Listening to my heart.

05Sep09

At the height of my illness (and the lowest weight), I would lie awake at night, watching the clock tick the minutes out. I would plant one hand on my chest and count the beats. Twenty-eight, twenty-nine, thirty. And wonder where it would end up. The number got progressively smaller. If I had a spry day, I lingered in the forties. On a bad day, the thirties. It seemed monumental at the time. And still does, but for different reasons.

The cliched phrase “listen to your heart” has a different meaning for me. I wonder if I’m the only person like this. I was never really aware of my heart at all times until I first got sick. Then I became hyper-aware of the movement of my heart. The beats it made, the beats it failed. This hyper-awareness continues with me to this day, even though on most days, I sit in the mid-fifties and the skipped beats have drastically reduced since someone went in and fixed me.

It’s an odd mind frame to be in, to be constantly aware of what your heart is doing. I lived for years and years with the ever-present specter of my heart stopping. Palpitations are frightening. You feel your heart falter and you close your eyes and wait for it to beat again. It may only be a second, but you wait, and you wonder what you will do if the next beat never comes.
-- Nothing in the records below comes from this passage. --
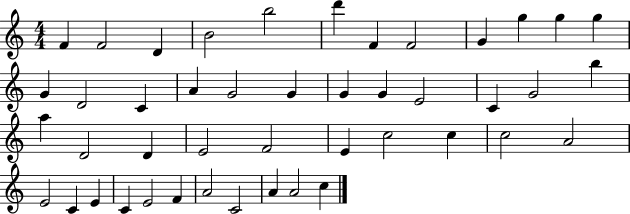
F4/q F4/h D4/q B4/h B5/h D6/q F4/q F4/h G4/q G5/q G5/q G5/q G4/q D4/h C4/q A4/q G4/h G4/q G4/q G4/q E4/h C4/q G4/h B5/q A5/q D4/h D4/q E4/h F4/h E4/q C5/h C5/q C5/h A4/h E4/h C4/q E4/q C4/q E4/h F4/q A4/h C4/h A4/q A4/h C5/q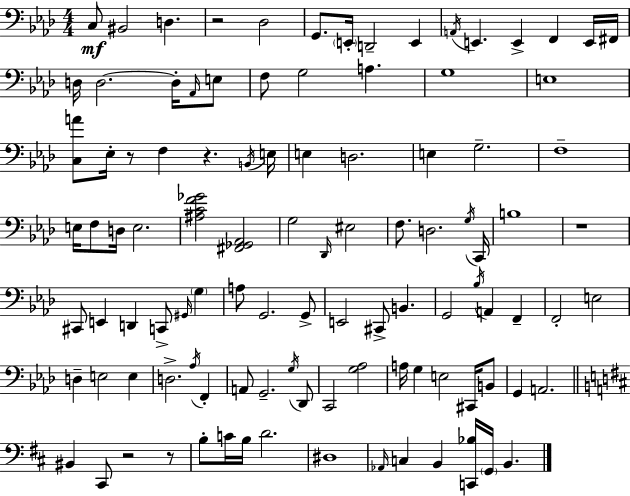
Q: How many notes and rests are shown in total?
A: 104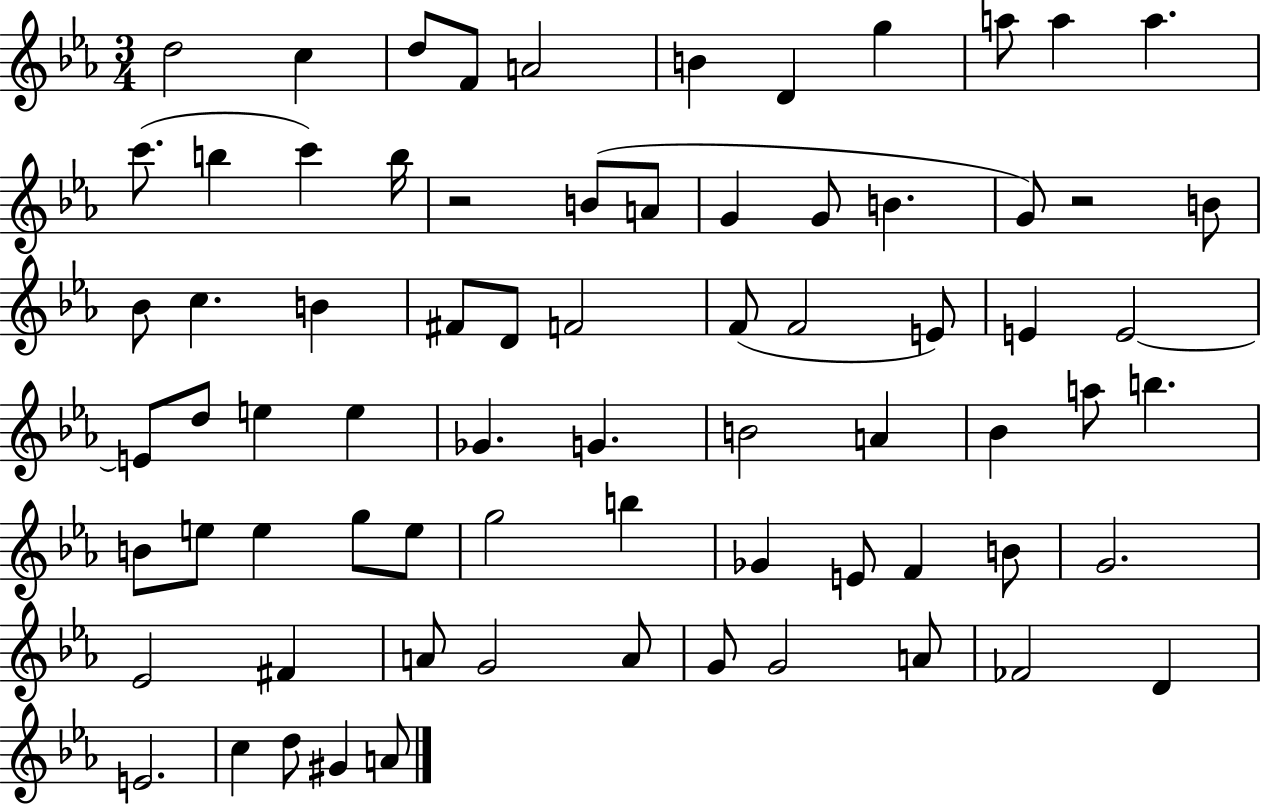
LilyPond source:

{
  \clef treble
  \numericTimeSignature
  \time 3/4
  \key ees \major
  d''2 c''4 | d''8 f'8 a'2 | b'4 d'4 g''4 | a''8 a''4 a''4. | \break c'''8.( b''4 c'''4) b''16 | r2 b'8( a'8 | g'4 g'8 b'4. | g'8) r2 b'8 | \break bes'8 c''4. b'4 | fis'8 d'8 f'2 | f'8( f'2 e'8) | e'4 e'2~~ | \break e'8 d''8 e''4 e''4 | ges'4. g'4. | b'2 a'4 | bes'4 a''8 b''4. | \break b'8 e''8 e''4 g''8 e''8 | g''2 b''4 | ges'4 e'8 f'4 b'8 | g'2. | \break ees'2 fis'4 | a'8 g'2 a'8 | g'8 g'2 a'8 | fes'2 d'4 | \break e'2. | c''4 d''8 gis'4 a'8 | \bar "|."
}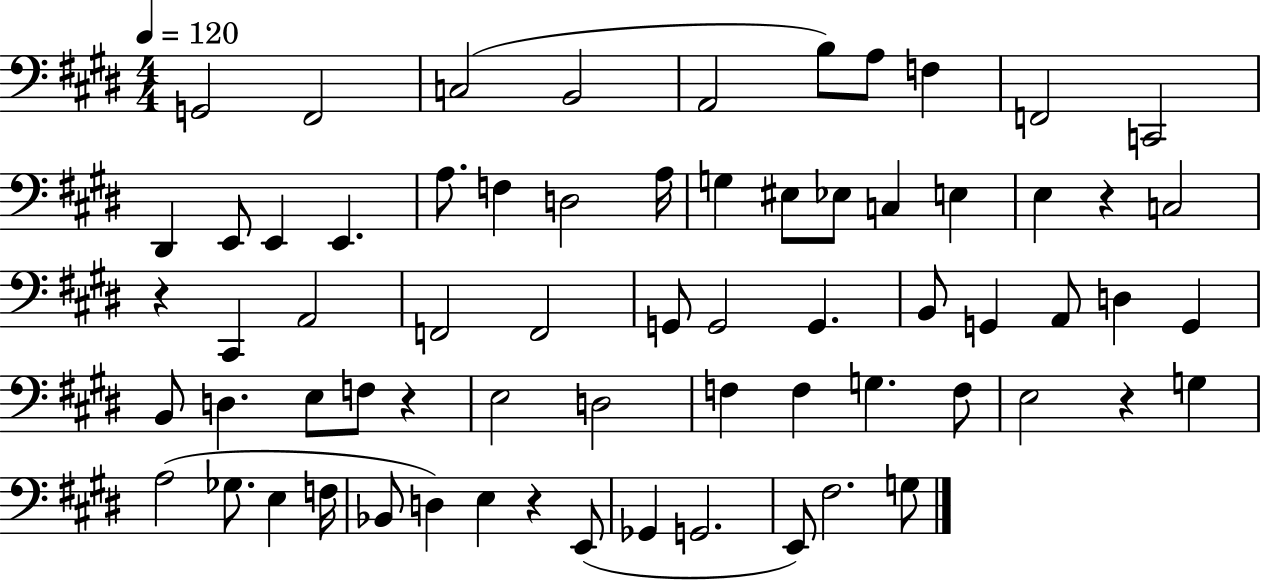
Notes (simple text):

G2/h F#2/h C3/h B2/h A2/h B3/e A3/e F3/q F2/h C2/h D#2/q E2/e E2/q E2/q. A3/e. F3/q D3/h A3/s G3/q EIS3/e Eb3/e C3/q E3/q E3/q R/q C3/h R/q C#2/q A2/h F2/h F2/h G2/e G2/h G2/q. B2/e G2/q A2/e D3/q G2/q B2/e D3/q. E3/e F3/e R/q E3/h D3/h F3/q F3/q G3/q. F3/e E3/h R/q G3/q A3/h Gb3/e. E3/q F3/s Bb2/e D3/q E3/q R/q E2/e Gb2/q G2/h. E2/e F#3/h. G3/e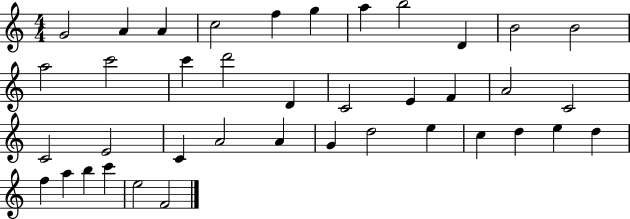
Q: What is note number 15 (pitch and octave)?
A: D6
I was hiking once during a brief month or two when the eating disorder had relaxed its grip on me. I got to the summit of the hill, my goal, after several hours of effort. As I looked down, I felt that old familiar friend tapping me on the breast bone. Beat, skip, skip, skip, beat-beat, skip, beat, skip skip. I sat down and waited for it to pass. It did not. I looked out over the tree tops and waited for each beat, trying not to hold my breath. I imagined the authorities finding my dead body slumped over on the rock I sat on.
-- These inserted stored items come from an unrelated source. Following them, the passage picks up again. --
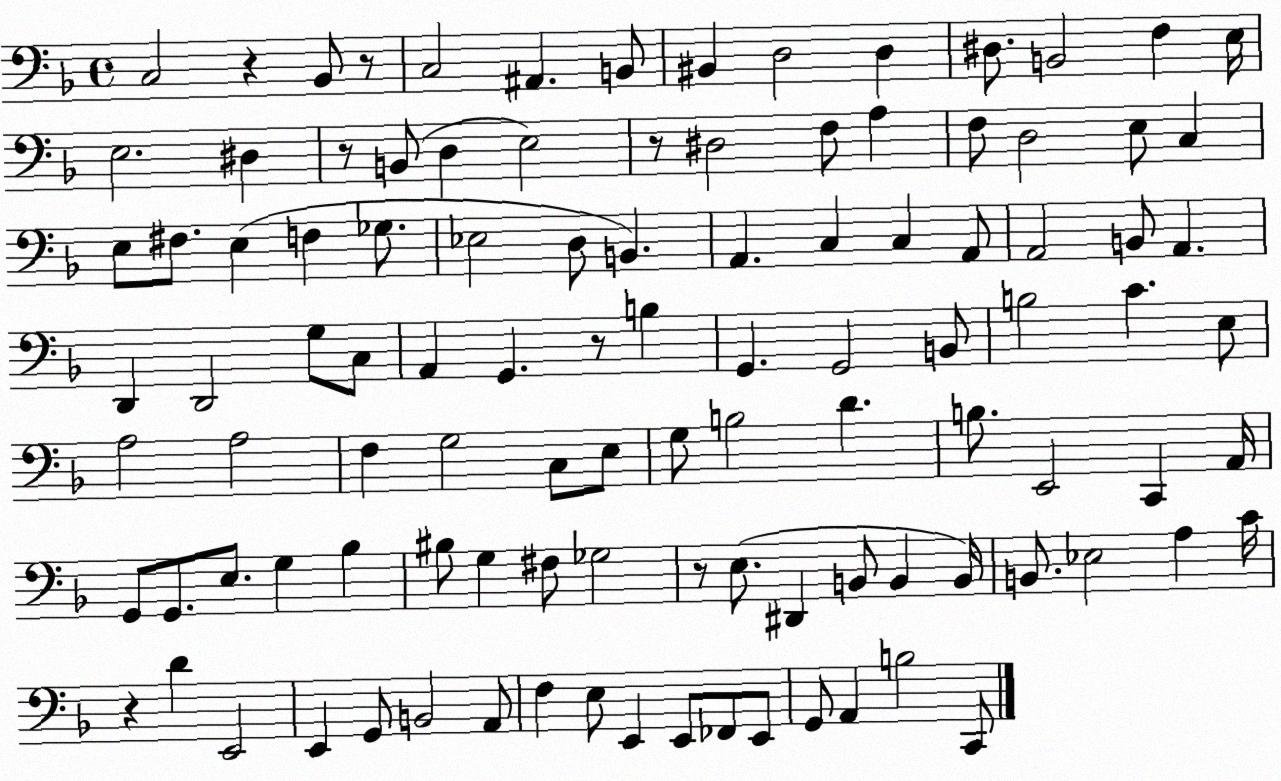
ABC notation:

X:1
T:Untitled
M:4/4
L:1/4
K:F
C,2 z _B,,/2 z/2 C,2 ^A,, B,,/2 ^B,, D,2 D, ^D,/2 B,,2 F, E,/4 E,2 ^D, z/2 B,,/2 D, E,2 z/2 ^D,2 F,/2 A, F,/2 D,2 E,/2 C, E,/2 ^F,/2 E, F, _G,/2 _E,2 D,/2 B,, A,, C, C, A,,/2 A,,2 B,,/2 A,, D,, D,,2 G,/2 C,/2 A,, G,, z/2 B, G,, G,,2 B,,/2 B,2 C E,/2 A,2 A,2 F, G,2 C,/2 E,/2 G,/2 B,2 D B,/2 E,,2 C,, A,,/4 G,,/2 G,,/2 E,/2 G, _B, ^B,/2 G, ^F,/2 _G,2 z/2 E,/2 ^D,, B,,/2 B,, B,,/4 B,,/2 _E,2 A, C/4 z D E,,2 E,, G,,/2 B,,2 A,,/2 F, E,/2 E,, E,,/2 _F,,/2 E,,/2 G,,/2 A,, B,2 C,,/2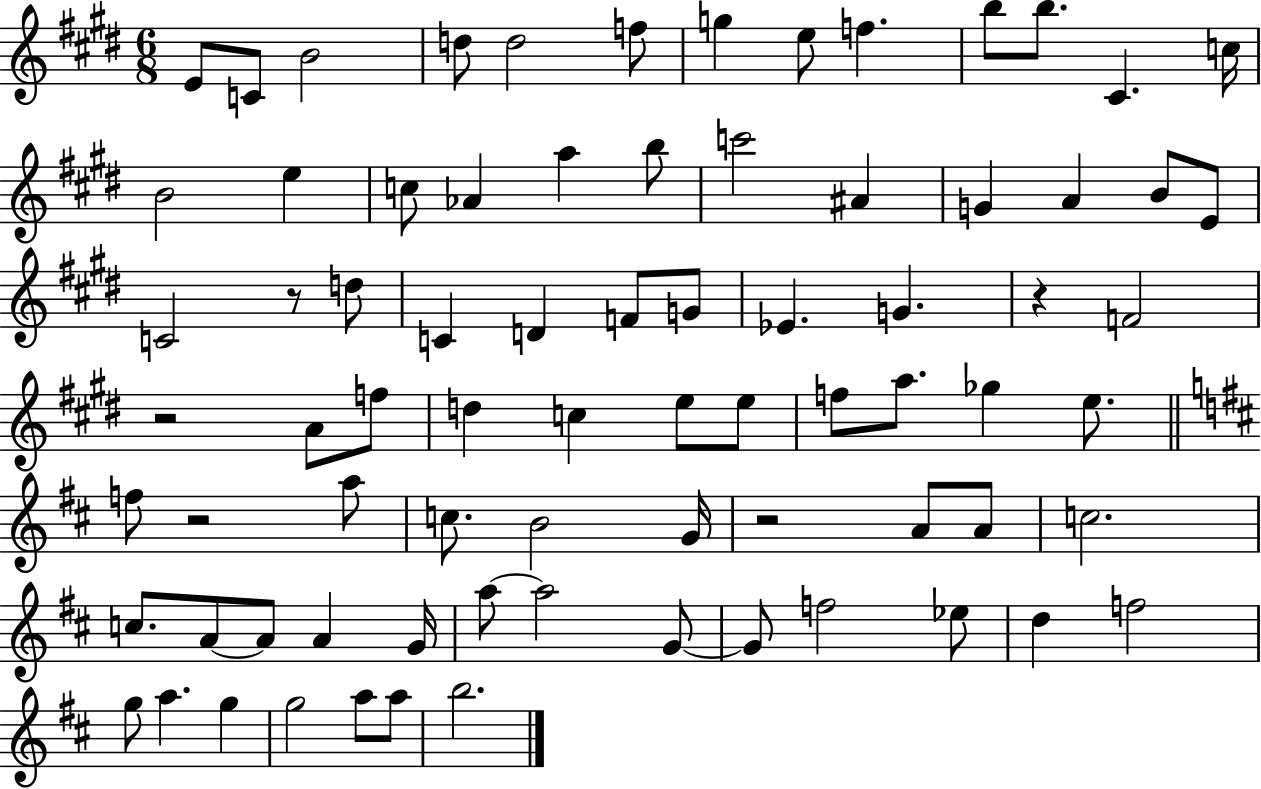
E4/e C4/e B4/h D5/e D5/h F5/e G5/q E5/e F5/q. B5/e B5/e. C#4/q. C5/s B4/h E5/q C5/e Ab4/q A5/q B5/e C6/h A#4/q G4/q A4/q B4/e E4/e C4/h R/e D5/e C4/q D4/q F4/e G4/e Eb4/q. G4/q. R/q F4/h R/h A4/e F5/e D5/q C5/q E5/e E5/e F5/e A5/e. Gb5/q E5/e. F5/e R/h A5/e C5/e. B4/h G4/s R/h A4/e A4/e C5/h. C5/e. A4/e A4/e A4/q G4/s A5/e A5/h G4/e G4/e F5/h Eb5/e D5/q F5/h G5/e A5/q. G5/q G5/h A5/e A5/e B5/h.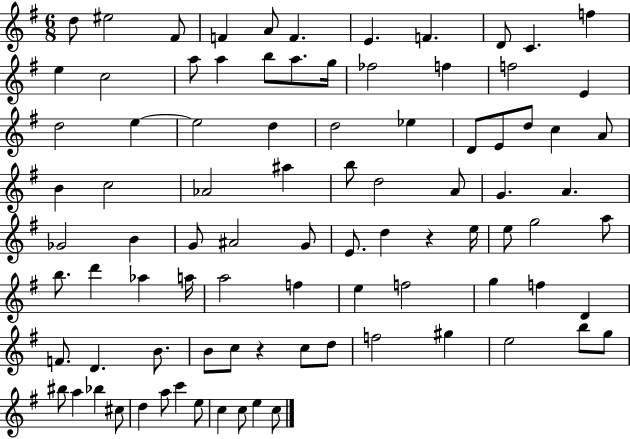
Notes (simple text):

D5/e EIS5/h F#4/e F4/q A4/e F4/q. E4/q. F4/q. D4/e C4/q. F5/q E5/q C5/h A5/e A5/q B5/e A5/e. G5/s FES5/h F5/q F5/h E4/q D5/h E5/q E5/h D5/q D5/h Eb5/q D4/e E4/e D5/e C5/q A4/e B4/q C5/h Ab4/h A#5/q B5/e D5/h A4/e G4/q. A4/q. Gb4/h B4/q G4/e A#4/h G4/e E4/e. D5/q R/q E5/s E5/e G5/h A5/e B5/e. D6/q Ab5/q A5/s A5/h F5/q E5/q F5/h G5/q F5/q D4/q F4/e. D4/q. B4/e. B4/e C5/e R/q C5/e D5/e F5/h G#5/q E5/h B5/e G5/e BIS5/e A5/q Bb5/q C#5/e D5/q A5/e C6/q E5/e C5/q C5/e E5/q C5/e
So when people say that eating disorders are about being thin, about being perfect, about cultural standards of beauty, I can’t help but reflect on that experience and pause to feel my slow but finally steady heart. That was the specter that haunted me that day hiking, not that I wanted to be beautiful and thin, but that with each beat my heart failed to make, I felt that I deserved it.

The manifestation of such intense self-hatred and shame is channeled by cultural standards and messages to women about their bodies. But putting “healthy” weight women on magazine covers and runways isn’t going to stop another young girl from counting her ever-slowing heart rate as  sign of progress. Valuing women and their bodies is what is going to do that.

Overly simplistic, yes. I do not pretend to know how to fix this problem. But I have an idea where to start.

When I draw the line between my eating disorder and my entrance into sex work, I connect the worthlessness I felt about my own body and self to the cultural messages about the bodies of sex workers. That was what drew me in as an activist. I see a parallel between the many women in this country who view their bodies as targets of their self-hatred and the broader culture that dismisses the murder and violence visited upon sex workers a mere job hazard.

Now, when I listen to my heart, I feel an even, strong despite being a tad slow, pulse. My body is not disposable, not to me, not to a society that frowns upon my line of work.